As Congress returns this week to confront immediate budget issues that have consumed the debate in Washington, lawmakers are preparing to pivot to topics such as immigration, gun control and energy policy.
A barrage of fiscal challenges, including a March 27 deadline for extending funding for the federal government, will yield to matters that could prove just as fractious.
This week, in the final days before a two-week recess, legislators are expected to extend federal spending through Sept. 30 to avoid a government shutdown. The House and Senate anticipate adopting separate, partisan budget plans for the next fiscal year that they won’t attempt to quickly reconcile.
By legislating to the least-common denominator, Congress over the past three months will have avoided an across-the-board income tax increase, prevented a default on the nation’s debt and sidestepped a shutdown.
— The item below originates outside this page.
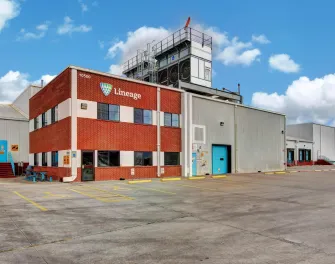 Extérieur de la Lineage installation de stockage frigorifique à El Paso, Texas, montrant l’immeuble de bureaux en brique, les baies d’entrepôt et le terrain pavé sous un ciel dégagé.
While automatic spending cuts will remain in place and government worker furloughs will start, Congress won’t be up against a fiscal deadline until a debt ceiling increase is needed in August.
“We have two or three issues that are substantive issues - - immigration, guns as examples -- that are moving forward, and I hope that we bring them to the floor,” Senator Richard Durbin of Illinois, the chamber’s second-ranking Democrat, said in an interview last week. “Fiscal problems are big problems, but there are other challenges in America.”
In the House, Republicans announced plans to pass a bill by the end of May approving the Keystone XL oil pipeline from Canada that would run through part of the U.S. Representative Fred Upton, chairman of the House Energy and Commerce Committee, said he wants to advance that and other measures before Congress takes up 2014 spending bills in June.
“It’s the time that we do our work,” said Upton, a Michigan Republican.
The Republican-controlled House has passed a bill to extend government funding through Sept. 30. The Senate is considering its version this week and is expected to send it back to the House well before the March 27 deadline.
When they finish work this week, lawmakers will return to their districts for a recess during the Passover and Easter holidays.
After that, no major fiscal deadline will approach for several months. Technically, the U.S. will hit the federal debt ceiling in mid-May, under a law passed earlier this year to delay default.